In the derivation cohort of pathology reports ( = 2694), the text-search algorithm had a sensitivity and specificity of 100% and 98.6%, respectively. When this algorithm was applied to all pathology reports from 1996 to 2010 ( = 284,032), 5588 pathology reports were identified as consistent with rectal cancer. Medical record review determined that 4550 patients did not have rectal cancer, leaving a final cohort of 1038 rectal cancer patients. Sensitivity and specificity of the text-search algorithm were 100% and 98.4%, respectively. PPV of the algorithm was 18.6%.
Text-search methodology is a feasible way to identify all rectal cancer surgery patients through administrative datasets with high sensitivity and specificity.
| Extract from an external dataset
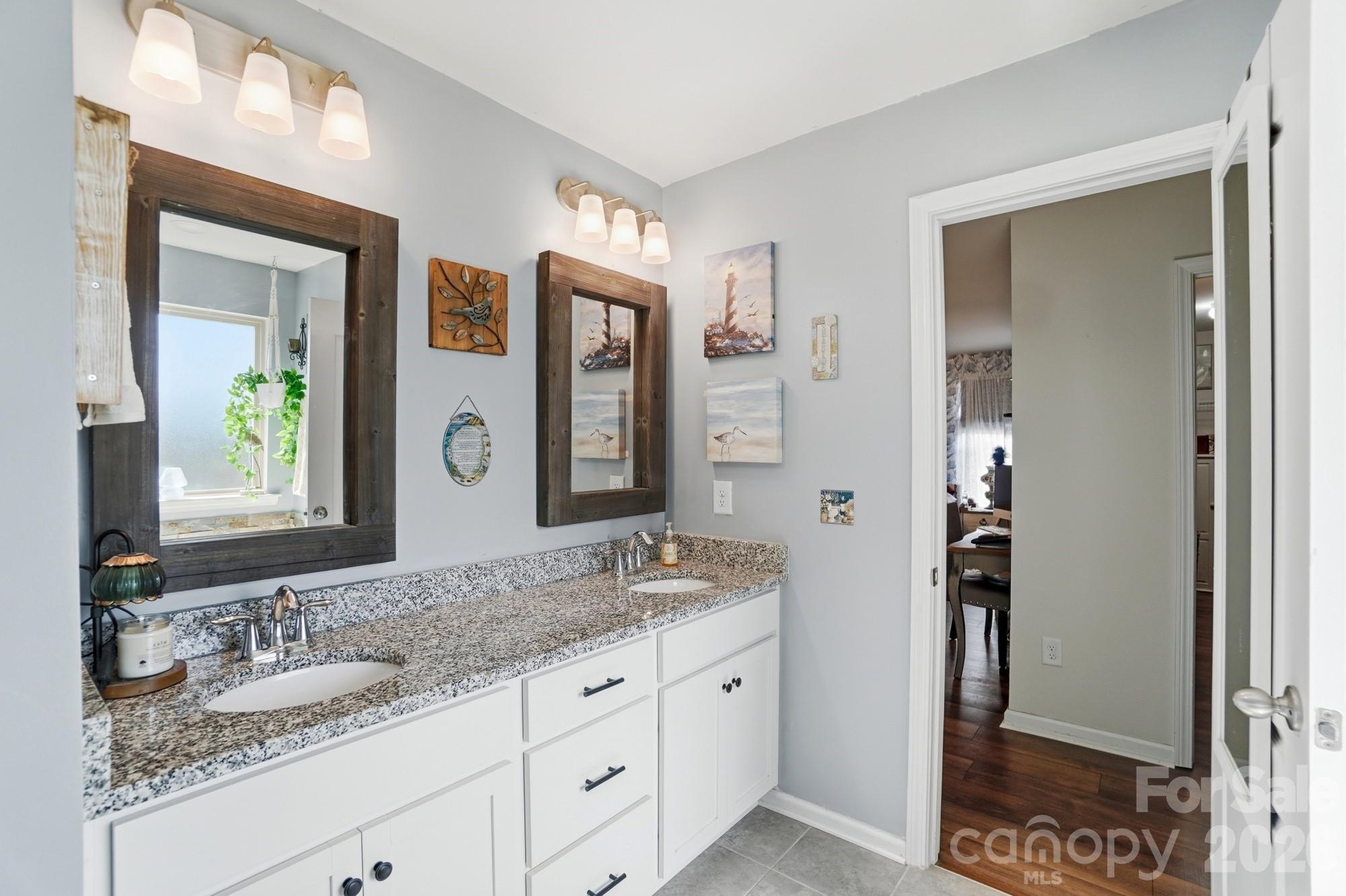 Falls Cove at Lake Norman - Residential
However, in the presence of a low pretest probability, text-search methods must be combined with a validation method, such as manual chart review, to be a viable approach.
本研究的目的是通过对病理报告进行文本搜索分析,在管理数据集中推导并验证一组直肠癌手术患者。
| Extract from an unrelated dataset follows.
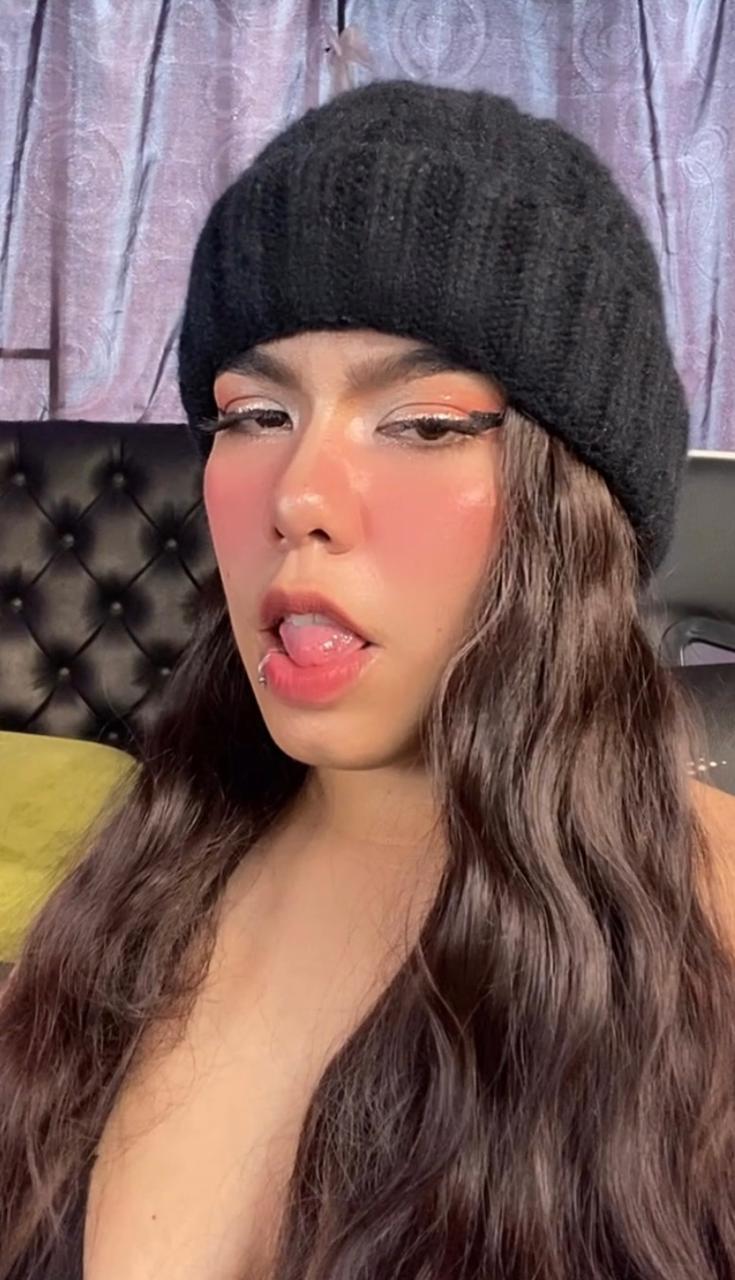 Hornyprincss Ts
开发了一种文本搜索算法,并在694例已知直肠癌、1000例已知结肠癌和1000例非结直肠标本的病理报告上进行验证。该算法应用于渥太华医院数据仓库1996年至2010年期间所有可用的病理报告。通过人工病历审查将识别出的病理报告验证为直肠癌标本。计算文本搜索方法的敏感性、特异性和阳性预测值(PPV)。
在病理报告推导队列(n = 2694)中,文本搜索算法的敏感性和特异性分别为100%和98.6%。当该算法应用于1996年至2010年的所有病理报告(n = 284,032)时,5588份病理报告被识别为与直肠癌一致。病历审查确定4550例患者没有直肠癌,最终队列中有1038例直肠癌患者。文本搜索算法的敏感性和特异性分别为100%和98.4%。该算法的PPV为18.6%。
文本搜索方法是通过管理数据集以高敏感性和特异性识别所有直肠癌手术患者的可行方法。然而,在预测试概率较低的情况下,文本搜索方法必须与验证方法(如人工病历审查)相结合,才能成为一种可行的方法。